Based on the novel by Yasmina Khadra, the director Ziad Doueiri, who adapted the novel with Joelle Touma, keeps the movie on a well-balanced position as observing the both sides of the conflict without any favor or judgment. While Jaafari’s close Israeli friends including Kim(Evgenia Dodena) are sympathetic to his difficult circumstance, Kim eventually asks him which side he is on – but she has a good point on Siham’s innocent victims who do deserve justice. While the movie seems to be disgusted as much as Jaafari by Siham being praised as a martyr in Palestine, it does not overlook many current injustices inflicted on its people, which were probably the main reason why she was secretly turned into a terrorist.
The movie is an engaging story on the whole, but it is not without notable flaws. Some of the characters are rather thin compared to the complexity surrounding them, and it is virtually written on the screen that a certain minor character will be important in the later plot development, right from when he appears on the screen. It is rather unconvincing to me that it takes that long for Jaafari to connect the dots given to him, but I must also point out that his next encounter with that character in question generates one of the most emotional moments in the film.

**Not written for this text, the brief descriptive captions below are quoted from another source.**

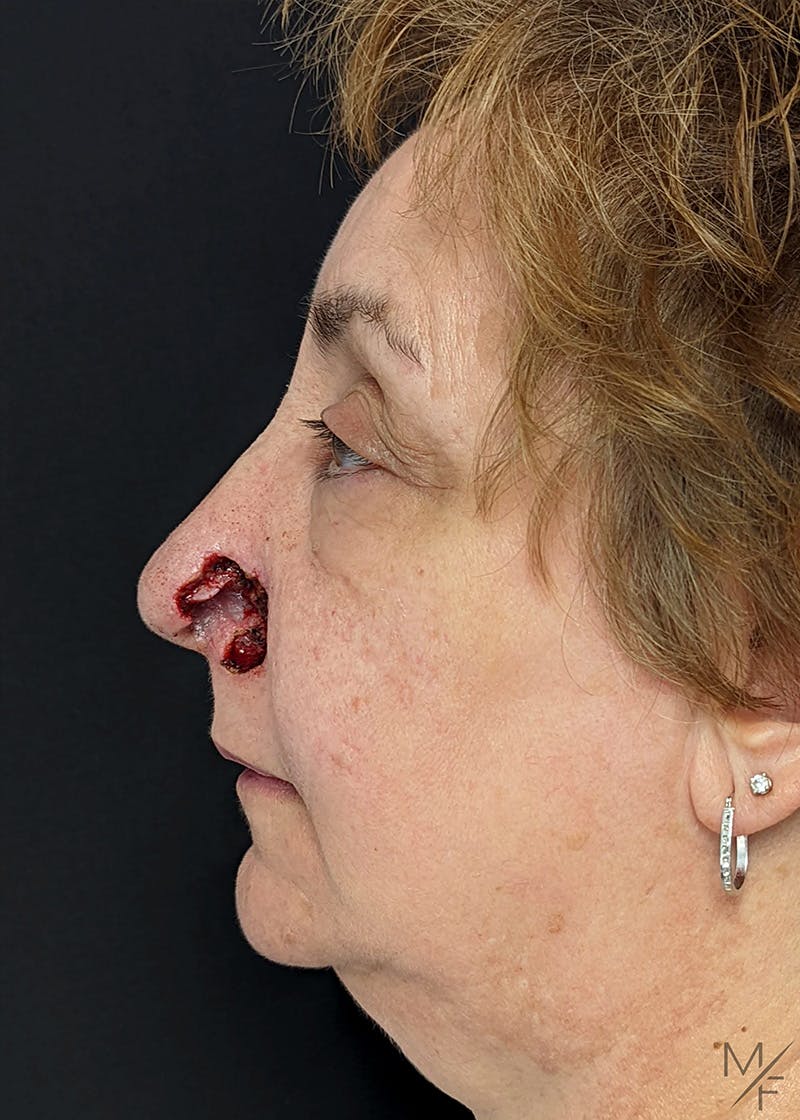 Skin Cancer Reconstruction Before & After Gallery - Patient 154771914 - Image 5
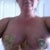 3 days post op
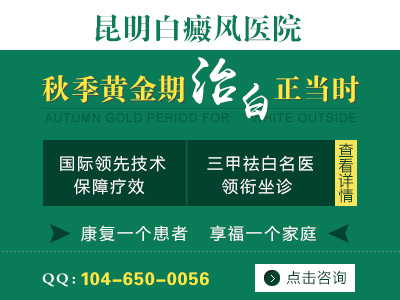 白癜风潜伏期有多久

Like many good films about the Palestinian-Israeli conflict, “The Attack” is a smart, thoughtful film which lets us think over its hot issues through its powerful drama. Ali Suliman, who previously appeared in Oscar-nominated film “Paradise Now”(2005), is solid as a grieving man trying to grasp for the answer beyond his reach, and Reymond Amsalem hovers over the story even though she mostly appears in the flashback scenes. As poignantly shown during the final scene, Jaafari’s love toward his wife remains same as before, but she looks different to him now – and so does his world where he once thought he could live with her without any serious problem.